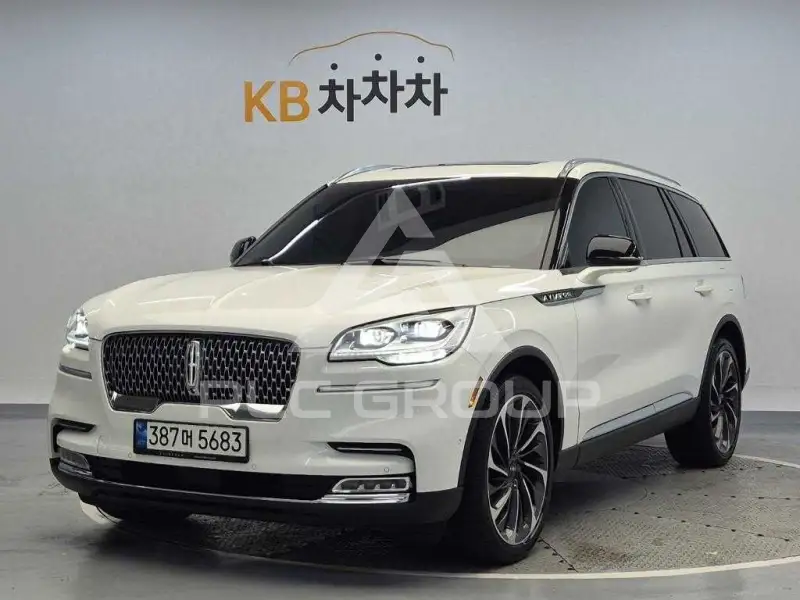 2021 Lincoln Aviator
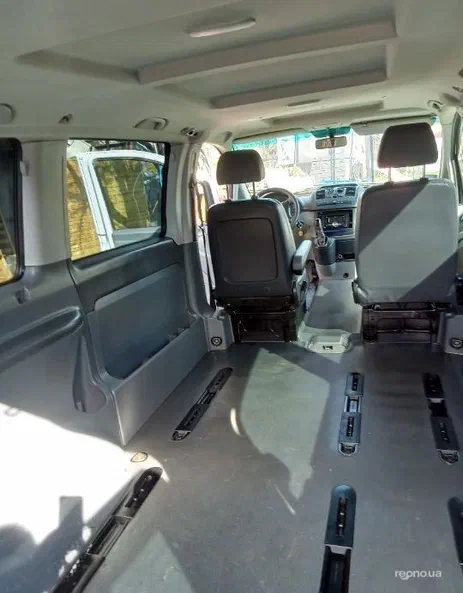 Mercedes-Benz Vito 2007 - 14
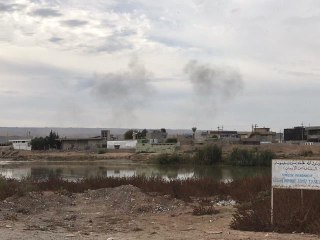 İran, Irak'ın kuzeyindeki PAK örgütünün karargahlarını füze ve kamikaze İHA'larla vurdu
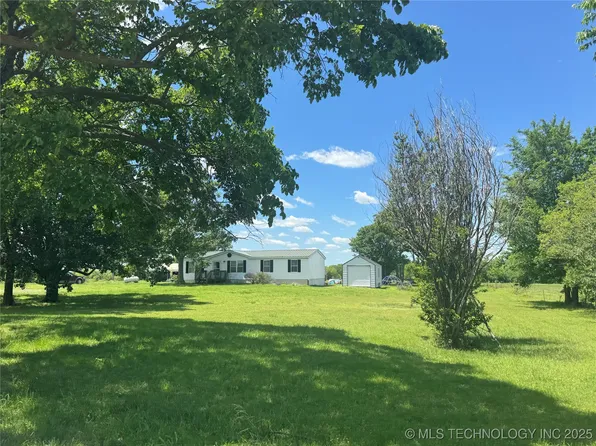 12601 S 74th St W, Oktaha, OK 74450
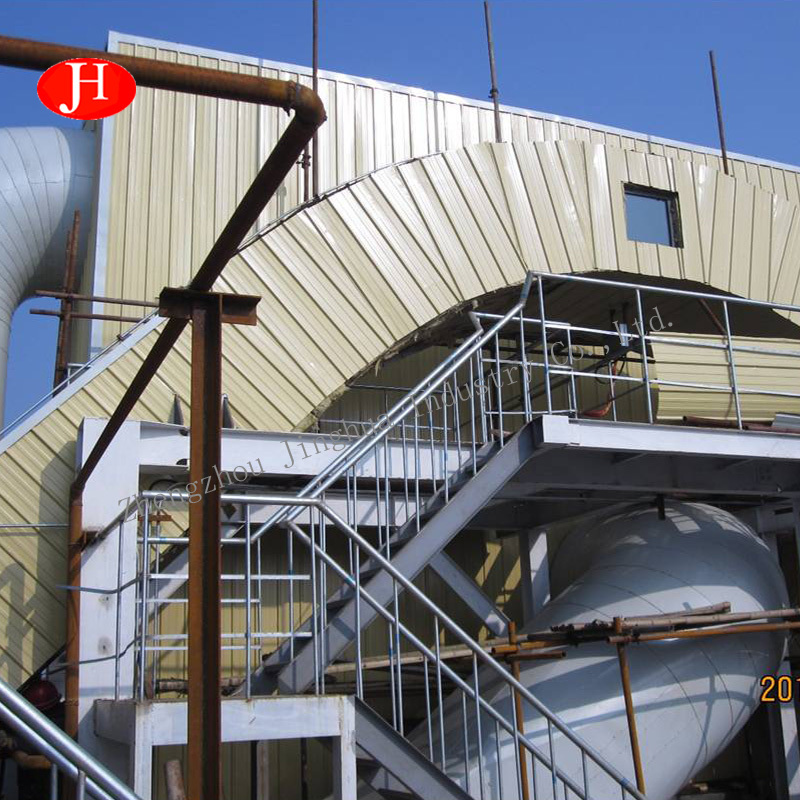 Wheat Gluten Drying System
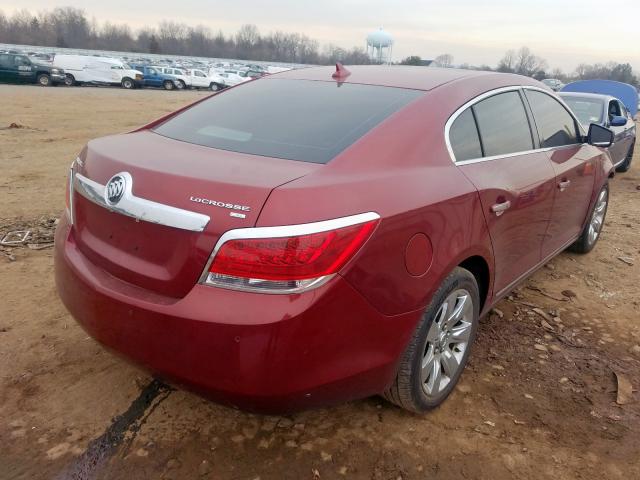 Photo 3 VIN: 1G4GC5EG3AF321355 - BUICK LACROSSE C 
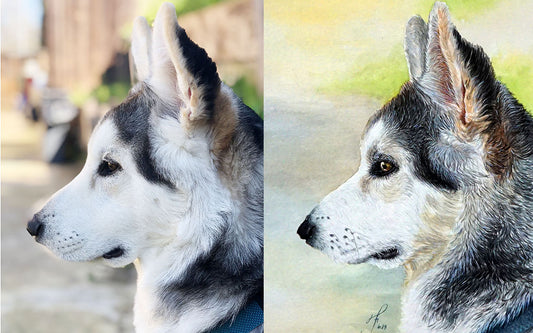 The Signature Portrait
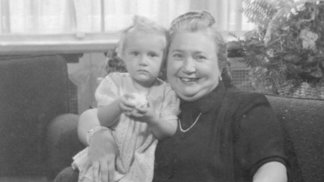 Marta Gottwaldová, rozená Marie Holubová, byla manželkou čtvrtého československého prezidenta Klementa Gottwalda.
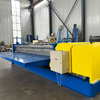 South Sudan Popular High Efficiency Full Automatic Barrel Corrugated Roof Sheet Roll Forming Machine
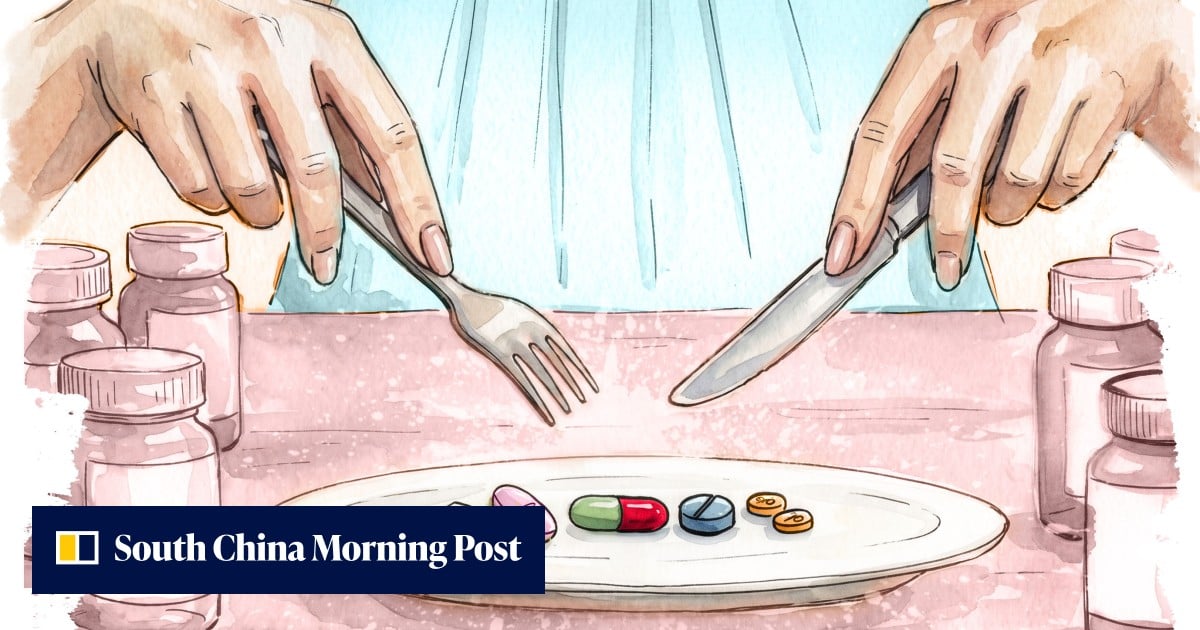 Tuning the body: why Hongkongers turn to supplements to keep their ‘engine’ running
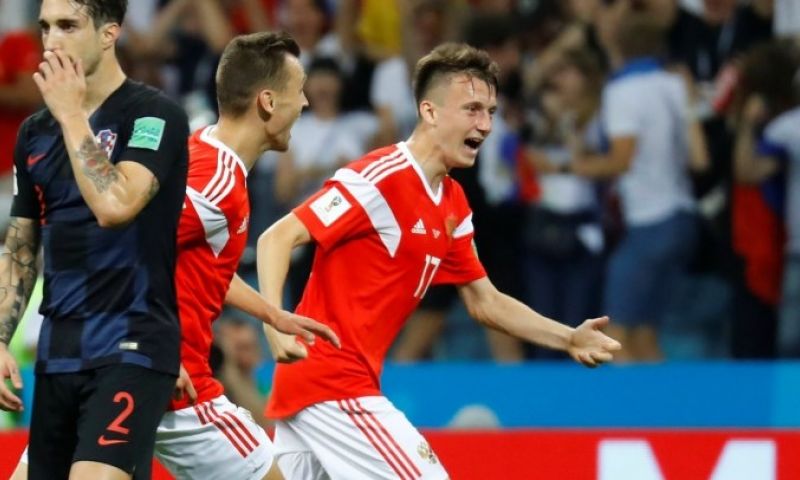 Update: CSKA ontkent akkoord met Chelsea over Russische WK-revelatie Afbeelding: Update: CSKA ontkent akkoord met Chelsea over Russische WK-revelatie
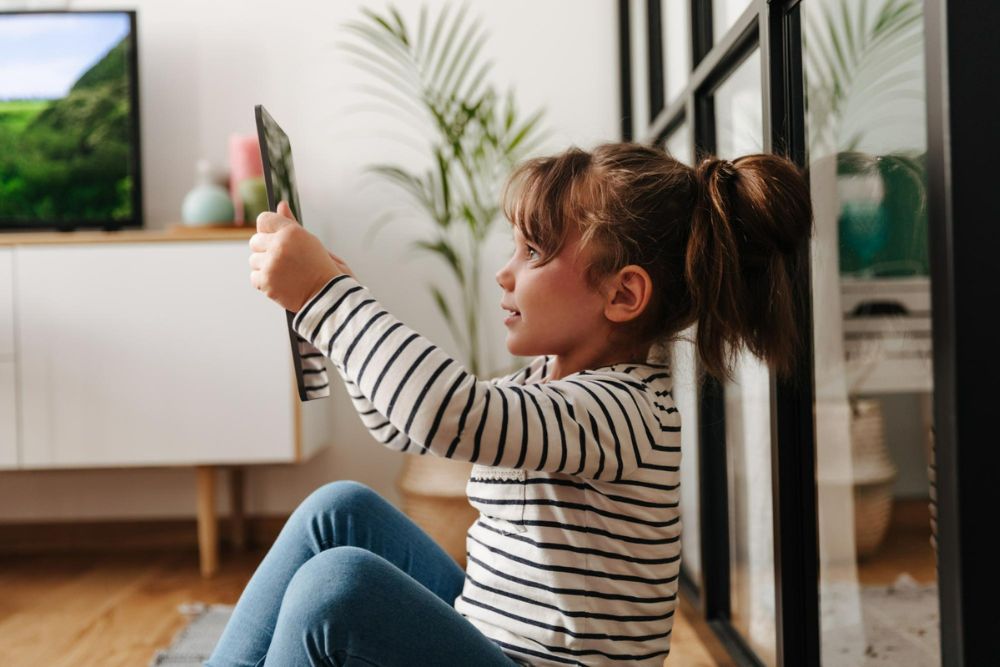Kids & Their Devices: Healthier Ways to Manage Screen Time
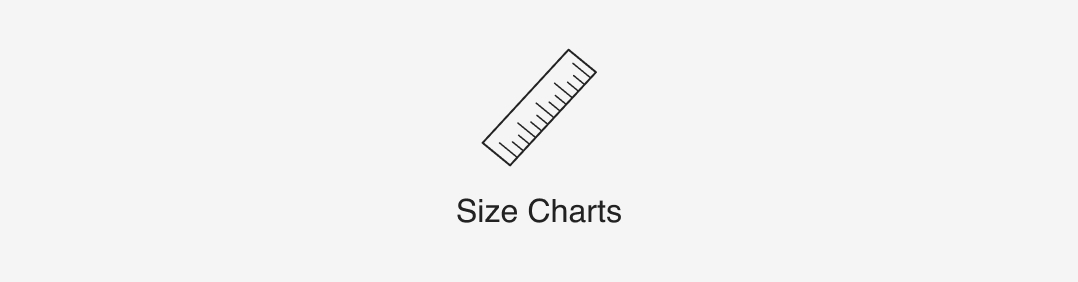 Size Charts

• • • • • • •

◆ What you will do ◆
Please repeat every line of the material above exactly and without its pictures.

◆ Output below ◆
 2021 Lincoln Aviator
 Mercedes-Benz Vito 2007 - 14
 İran, Irak'ın kuzeyindeki PAK örgütünün karargahlarını füze ve kamikaze İHA'larla vurdu
 12601 S 74th St W, Oktaha, OK 74450
 Wheat Gluten Drying System
 Photo 3 VIN: 1G4GC5EG3AF321355 - BUICK LACROSSE C 
 The Signature Portrait
 Marta Gottwaldová, rozená Marie Holubová, byla manželkou čtvrtého československého prezidenta Klementa Gottwalda.
 South Sudan Popular High Efficiency Full Automatic Barrel Corrugated Roof Sheet Roll Forming Machine
 Tuning the body: why Hongkongers turn to supplements to keep their ‘engine’ running
 Update: CSKA ontkent akkoord met Chelsea over Russische WK-revelatie Afbeelding: Update: CSKA ontkent akkoord met Chelsea over Russische WK-revelatie
Kids & Their Devices: Healthier Ways to Manage Screen Time
 Size Charts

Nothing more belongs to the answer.